La récolte consiste à prélever à la ruche le surplus de provisions que les abeilles ont emmagasiné pour leur propre consommation et… survie.
Si par le passé, a l’époque où dans certaines régions de France on pratiquait aussi « l’étouffage », cette récolte se faisait « à la fleur du cerisier » (vers la mi-avril ), c’est à dire lorsque la ruche ne risquait plus de mourir de faim et que le miel qui s’y trouvait était véritablement le surplus, il est bien sûr hors de question de procéder ainsi actuellement où tout empirisme a disparu dans la conduite des ruches !
Quand récolter et à quelle époque ?
En ce qui concerne la première question, la réponse est simple : lorsque le miel est « mûr ».

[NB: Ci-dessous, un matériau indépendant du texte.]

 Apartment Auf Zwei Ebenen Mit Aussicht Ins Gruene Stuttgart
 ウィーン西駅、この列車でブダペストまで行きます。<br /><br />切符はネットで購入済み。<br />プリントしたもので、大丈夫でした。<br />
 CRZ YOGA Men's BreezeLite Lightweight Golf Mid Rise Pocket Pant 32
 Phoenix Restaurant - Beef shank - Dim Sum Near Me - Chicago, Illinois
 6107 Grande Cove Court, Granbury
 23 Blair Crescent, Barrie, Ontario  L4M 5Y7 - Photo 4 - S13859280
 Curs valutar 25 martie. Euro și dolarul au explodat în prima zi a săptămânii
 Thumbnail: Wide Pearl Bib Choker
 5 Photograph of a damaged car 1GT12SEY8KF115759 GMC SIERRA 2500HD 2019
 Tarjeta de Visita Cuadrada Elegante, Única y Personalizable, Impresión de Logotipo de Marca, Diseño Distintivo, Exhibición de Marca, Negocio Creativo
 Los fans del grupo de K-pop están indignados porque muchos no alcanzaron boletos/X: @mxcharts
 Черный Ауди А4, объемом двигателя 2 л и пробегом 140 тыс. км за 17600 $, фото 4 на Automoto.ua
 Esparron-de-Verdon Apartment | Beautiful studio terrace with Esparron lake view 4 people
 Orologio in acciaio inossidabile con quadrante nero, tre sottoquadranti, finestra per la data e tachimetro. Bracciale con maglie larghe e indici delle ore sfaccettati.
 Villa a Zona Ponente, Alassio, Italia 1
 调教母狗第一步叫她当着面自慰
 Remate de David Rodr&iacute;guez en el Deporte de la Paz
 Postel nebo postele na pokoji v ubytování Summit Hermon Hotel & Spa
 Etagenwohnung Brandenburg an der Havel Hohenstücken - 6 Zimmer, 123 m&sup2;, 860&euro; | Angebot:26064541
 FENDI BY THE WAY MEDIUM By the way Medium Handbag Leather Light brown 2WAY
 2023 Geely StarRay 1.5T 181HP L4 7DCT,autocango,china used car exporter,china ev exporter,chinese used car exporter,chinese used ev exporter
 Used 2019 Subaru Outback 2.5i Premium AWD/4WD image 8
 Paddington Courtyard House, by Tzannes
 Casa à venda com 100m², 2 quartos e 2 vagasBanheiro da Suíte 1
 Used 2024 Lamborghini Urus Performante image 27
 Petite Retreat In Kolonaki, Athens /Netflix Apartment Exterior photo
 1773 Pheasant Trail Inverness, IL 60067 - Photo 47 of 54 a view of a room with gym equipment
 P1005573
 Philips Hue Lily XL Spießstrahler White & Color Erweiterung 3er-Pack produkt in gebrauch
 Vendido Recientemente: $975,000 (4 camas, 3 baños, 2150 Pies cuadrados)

Le nectar rapporté par les abeilles subit de multiples et complexes transformations dans la ruche et ne devient véritablement miel que lorsque sa teneur en eau avoisine 18%, ce qui pour l’apiculteur sera un gage de bonne conservation (risque de fermentation quasiment nul alors).
A ce stade d’élaboration du miel, les abeilles ferment chaque cellule avec un opercule de cire pour le protéger.
C’est la phase d’operculation.
La récolte pourra donc avoir lieu dès que cette phase d’operculation sera terminée. Elle sera considérée comme telle lorsque environ 80% des cadres de hausse seront operculés.
Il n’est donc pas nécessaire d’attendre la fin de saison (fin août, voire début septembre) pour récolter son miel.
Il est même préférable de le faire le plus tôt possible.
- Soit cette première récolte – miel de début de saison, souvent clair et qui cristallise assez rapidement – sera suivi d’une possible récolte d’été – obtention d’un miel différent alors, souvent plus « malté » – si on remet la hausse,
- Soit, dans le cas contraire, la ruche aura le temps de « faire ses provisions d’hiver ».
Une récolte sans attendre la fin de l’été permet aussi de faire un traitement précoce contre la varroase et d’obtenir ainsi des abeilles de meilleure qualité pour l’hivernage.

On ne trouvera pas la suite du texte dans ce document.